START Data section
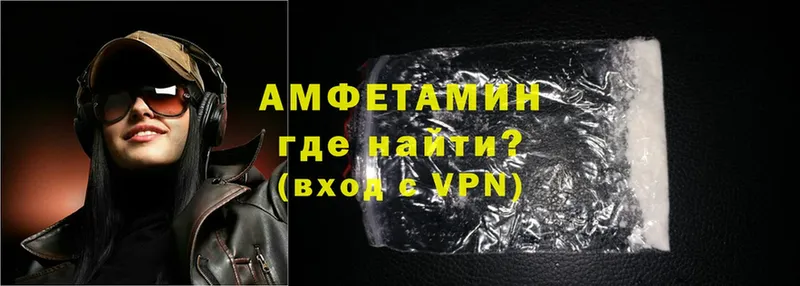 darknet формула  ссылка на мегу ссылки  Верхний Уфалей  АМФЕТАМИН Premium 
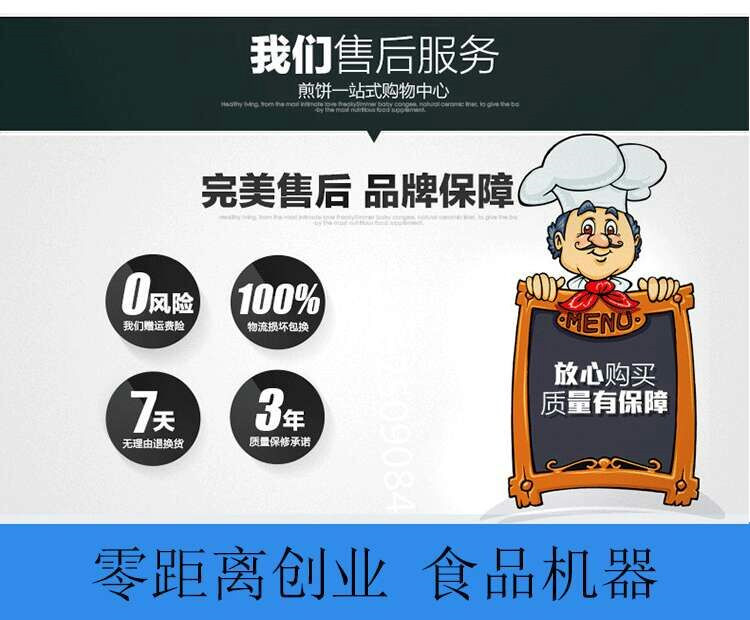 燃?xì)饧t豆餅機雞蛋漢堡商用漢堡機不粘鍋涂層九孔漢堡爐孔徑8厘米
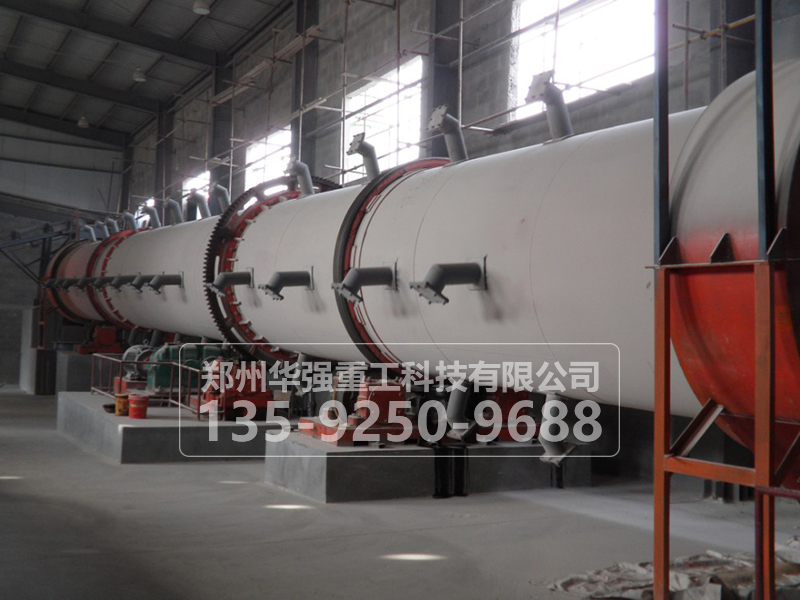 年產(chǎn)20萬噸有機肥生產(chǎn)線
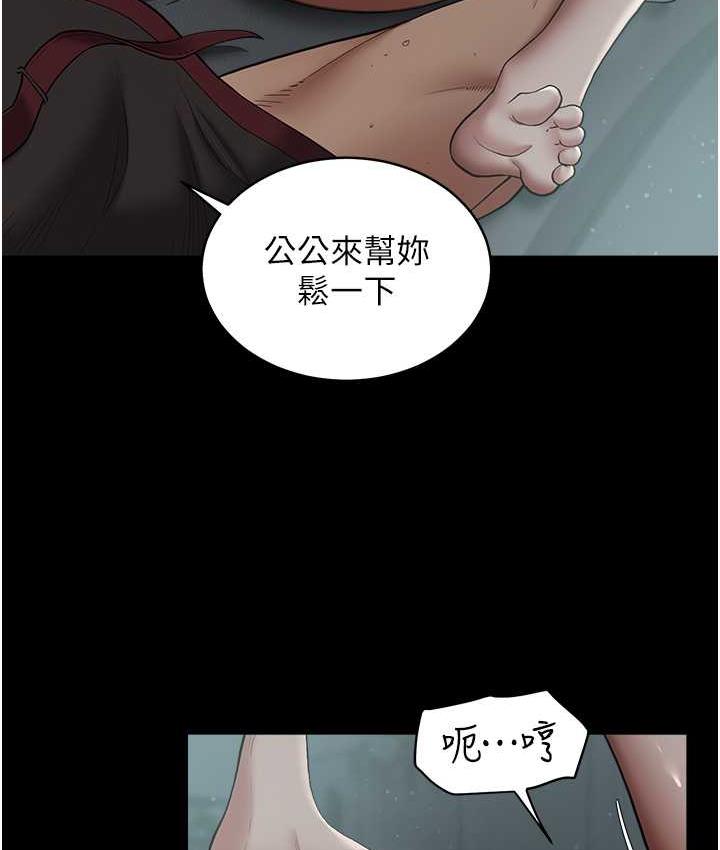 第15话-公公，您的那根好硬…-豪色复仇-禁忌（第3张）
END Data section
» What to work on:
Retype the data above verbatim, minus images.

» Reply to the task:
 darknet формула  ссылка на мегу ссылки  Верхний Уфалей  АМФЕТАМИН Premium 
 燃?xì)饧t豆餅機雞蛋漢堡商用漢堡機不粘鍋涂層九孔漢堡爐孔徑8厘米
 年產(chǎn)20萬噸有機肥生產(chǎn)線
 第15话-公公，您的那根好硬…-豪色复仇-禁忌（第3张）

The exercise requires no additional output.